--- Task data Enclosed Below ---
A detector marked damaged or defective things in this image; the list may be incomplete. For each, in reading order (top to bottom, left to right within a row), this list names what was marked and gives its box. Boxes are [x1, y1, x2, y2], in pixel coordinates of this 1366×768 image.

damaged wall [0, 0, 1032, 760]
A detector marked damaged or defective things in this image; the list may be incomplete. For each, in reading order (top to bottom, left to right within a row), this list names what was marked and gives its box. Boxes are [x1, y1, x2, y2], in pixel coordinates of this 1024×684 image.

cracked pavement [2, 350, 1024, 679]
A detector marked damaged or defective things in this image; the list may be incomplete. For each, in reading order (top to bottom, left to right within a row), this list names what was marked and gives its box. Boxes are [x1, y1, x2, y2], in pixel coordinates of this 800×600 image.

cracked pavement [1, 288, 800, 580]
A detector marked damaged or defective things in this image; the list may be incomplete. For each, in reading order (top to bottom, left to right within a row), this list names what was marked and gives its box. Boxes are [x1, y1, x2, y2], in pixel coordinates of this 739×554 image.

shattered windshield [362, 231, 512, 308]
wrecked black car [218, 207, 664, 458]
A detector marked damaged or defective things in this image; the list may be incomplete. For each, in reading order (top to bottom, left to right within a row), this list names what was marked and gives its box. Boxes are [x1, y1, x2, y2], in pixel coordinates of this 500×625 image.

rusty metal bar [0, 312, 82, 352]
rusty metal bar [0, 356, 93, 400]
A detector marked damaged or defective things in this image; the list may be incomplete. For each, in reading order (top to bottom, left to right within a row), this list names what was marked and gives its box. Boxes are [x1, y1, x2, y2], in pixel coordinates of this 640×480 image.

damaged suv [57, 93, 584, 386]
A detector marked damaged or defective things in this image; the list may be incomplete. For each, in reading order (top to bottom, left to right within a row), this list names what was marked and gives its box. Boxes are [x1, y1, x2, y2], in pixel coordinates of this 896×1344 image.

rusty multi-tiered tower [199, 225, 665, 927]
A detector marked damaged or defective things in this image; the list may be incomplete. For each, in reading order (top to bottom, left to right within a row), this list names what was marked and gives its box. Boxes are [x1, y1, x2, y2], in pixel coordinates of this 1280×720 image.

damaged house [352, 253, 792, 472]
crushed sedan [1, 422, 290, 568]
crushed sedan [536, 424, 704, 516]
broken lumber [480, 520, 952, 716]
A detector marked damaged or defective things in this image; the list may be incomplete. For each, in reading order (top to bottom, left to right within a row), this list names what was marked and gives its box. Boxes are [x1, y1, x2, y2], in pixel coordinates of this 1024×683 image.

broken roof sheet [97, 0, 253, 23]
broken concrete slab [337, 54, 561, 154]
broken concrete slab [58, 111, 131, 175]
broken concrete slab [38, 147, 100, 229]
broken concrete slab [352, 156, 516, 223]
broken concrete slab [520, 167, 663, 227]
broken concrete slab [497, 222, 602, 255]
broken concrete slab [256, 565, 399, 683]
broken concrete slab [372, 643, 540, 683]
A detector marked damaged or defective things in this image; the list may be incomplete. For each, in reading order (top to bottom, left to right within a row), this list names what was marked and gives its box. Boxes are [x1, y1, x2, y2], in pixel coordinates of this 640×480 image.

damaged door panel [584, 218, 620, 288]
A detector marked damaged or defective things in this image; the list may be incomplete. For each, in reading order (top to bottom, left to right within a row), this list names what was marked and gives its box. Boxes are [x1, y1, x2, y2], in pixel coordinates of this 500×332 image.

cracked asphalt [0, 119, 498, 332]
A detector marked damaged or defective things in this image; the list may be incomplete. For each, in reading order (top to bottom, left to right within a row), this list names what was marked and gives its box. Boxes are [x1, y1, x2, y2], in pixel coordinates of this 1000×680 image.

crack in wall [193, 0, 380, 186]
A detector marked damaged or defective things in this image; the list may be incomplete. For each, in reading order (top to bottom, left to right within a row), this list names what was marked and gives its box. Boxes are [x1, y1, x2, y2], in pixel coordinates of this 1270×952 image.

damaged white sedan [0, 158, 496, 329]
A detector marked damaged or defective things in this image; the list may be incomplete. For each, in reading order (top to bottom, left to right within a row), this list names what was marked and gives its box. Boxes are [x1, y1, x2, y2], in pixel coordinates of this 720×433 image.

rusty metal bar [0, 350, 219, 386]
--- End of Enclosed Task data ---
Task item:
Each record above should be repeated exactly.

Response below:
A detector marked damaged or defective things in this image; the list may be incomplete. For each, in reading order (top to bottom, left to right within a row), this list names what was marked and gives its box. Boxes are [x1, y1, x2, y2], in pixel coordinates of this 1366×768 image.

damaged wall [0, 0, 1032, 760]
A detector marked damaged or defective things in this image; the list may be incomplete. For each, in reading order (top to bottom, left to right within a row), this list names what was marked and gives its box. Boxes are [x1, y1, x2, y2], in pixel coordinates of this 1024×684 image.

cracked pavement [2, 350, 1024, 679]
A detector marked damaged or defective things in this image; the list may be incomplete. For each, in reading order (top to bottom, left to right within a row), this list names what was marked and gives its box. Boxes are [x1, y1, x2, y2], in pixel coordinates of this 800×600 image.

cracked pavement [1, 288, 800, 580]
A detector marked damaged or defective things in this image; the list may be incomplete. For each, in reading order (top to bottom, left to right within a row), this list names what was marked and gives its box. Boxes are [x1, y1, x2, y2], in pixel coordinates of this 739×554 image.

shattered windshield [362, 231, 512, 308]
wrecked black car [218, 207, 664, 458]
A detector marked damaged or defective things in this image; the list may be incomplete. For each, in reading order (top to bottom, left to right within a row), this list names what was marked and gives its box. Boxes are [x1, y1, x2, y2], in pixel coordinates of this 500×625 image.

rusty metal bar [0, 312, 82, 352]
rusty metal bar [0, 356, 93, 400]
A detector marked damaged or defective things in this image; the list may be incomplete. For each, in reading order (top to bottom, left to right within a row), this list names what was marked and gives its box. Boxes are [x1, y1, x2, y2], in pixel coordinates of this 640×480 image.

damaged suv [57, 93, 584, 386]
A detector marked damaged or defective things in this image; the list may be incomplete. For each, in reading order (top to bottom, left to right within a row), this list names what was marked and gives its box. Boxes are [x1, y1, x2, y2], in pixel coordinates of this 896×1344 image.

rusty multi-tiered tower [199, 225, 665, 927]
A detector marked damaged or defective things in this image; the list may be incomplete. For each, in reading order (top to bottom, left to right within a row), this list names what was marked and gives its box. Boxes are [x1, y1, x2, y2], in pixel coordinates of this 1280×720 image.

damaged house [352, 253, 792, 472]
crushed sedan [1, 422, 290, 568]
crushed sedan [536, 424, 704, 516]
broken lumber [480, 520, 952, 716]
A detector marked damaged or defective things in this image; the list may be incomplete. For each, in reading order (top to bottom, left to right within a row), this list names what was marked and gives its box. Boxes are [x1, y1, x2, y2], in pixel coordinates of this 1024×683 image.

broken roof sheet [97, 0, 253, 23]
broken concrete slab [337, 54, 561, 154]
broken concrete slab [58, 111, 131, 175]
broken concrete slab [38, 147, 100, 229]
broken concrete slab [352, 156, 516, 223]
broken concrete slab [520, 167, 663, 227]
broken concrete slab [497, 222, 602, 255]
broken concrete slab [256, 565, 399, 683]
broken concrete slab [372, 643, 540, 683]
A detector marked damaged or defective things in this image; the list may be incomplete. For each, in reading order (top to bottom, left to right within a row), this list names what was marked and gives its box. Boxes are [x1, y1, x2, y2], in pixel coordinates of this 640×480 image.

damaged door panel [584, 218, 620, 288]
A detector marked damaged or defective things in this image; the list may be incomplete. For each, in reading order (top to bottom, left to right within a row), this list names what was marked and gives its box. Boxes are [x1, y1, x2, y2], in pixel coordinates of this 500×332 image.

cracked asphalt [0, 119, 498, 332]
A detector marked damaged or defective things in this image; the list may be incomplete. For each, in reading order (top to bottom, left to right within a row), this list names what was marked and gives its box. Boxes are [x1, y1, x2, y2], in pixel coordinates of this 1000×680 image.

crack in wall [193, 0, 380, 186]
A detector marked damaged or defective things in this image; the list may be incomplete. For each, in reading order (top to bottom, left to right within a row), this list names what was marked and gives its box. Boxes are [x1, y1, x2, y2], in pixel coordinates of this 1270×952 image.

damaged white sedan [0, 158, 496, 329]
A detector marked damaged or defective things in this image; the list may be incomplete. For each, in reading order (top to bottom, left to right within a row), this list names what was marked and gives its box. Boxes are [x1, y1, x2, y2], in pixel coordinates of this 720×433 image.

rusty metal bar [0, 350, 219, 386]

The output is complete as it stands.